An unchanged copy of all the lines below is expected, and it should contain no pictures.

**Collected material**
* * * * * * * * *
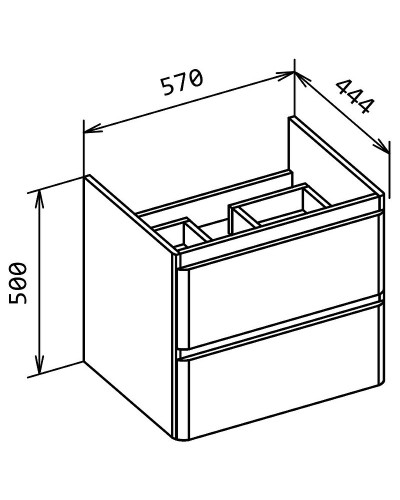 Тумба под раковину BelBagno 60 ALBANO-CER-600-2C-SO-RNG подвесная Robere Nature Grigio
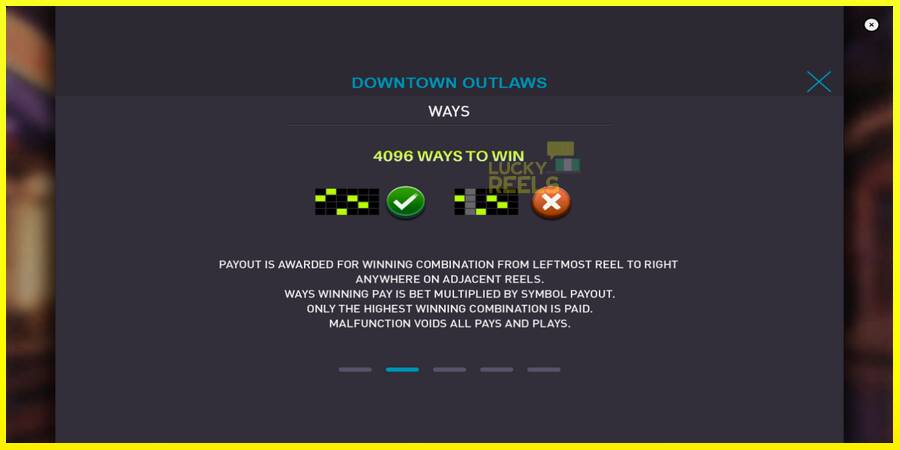 Downtown Outlaws מכונת משחק לכסף, תְמוּנָה 6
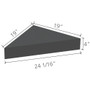 Wedi Corner Suspended Seat Shower Bench - 19" x 19" (US3000001)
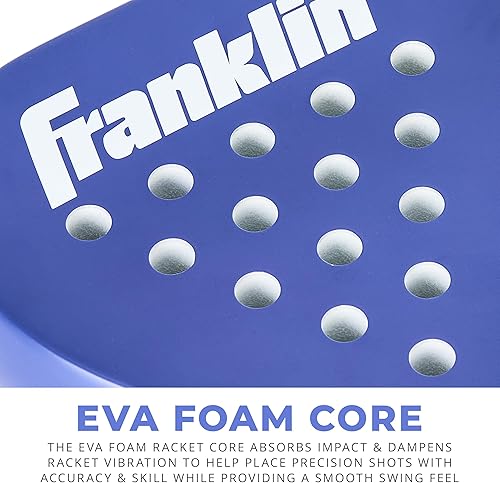 Miniatura 6 de Franklin Sports - Raqueta de Padel Sweet Spot - Raqueta de Pádel de Fibra de Vidrio con Núcleo de Espuma - 12.87 oz - Morado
* * * * * * * * *
**Reply**
 Тумба под раковину BelBagno 60 ALBANO-CER-600-2C-SO-RNG подвесная Robere Nature Grigio
 Downtown Outlaws מכונת משחק לכסף, תְמוּנָה 6
 Wedi Corner Suspended Seat Shower Bench - 19" x 19" (US3000001)
 Miniatura 6 de Franklin Sports - Raqueta de Padel Sweet Spot - Raqueta de Pádel de Fibra de Vidrio con Núcleo de Espuma - 12.87 oz - Morado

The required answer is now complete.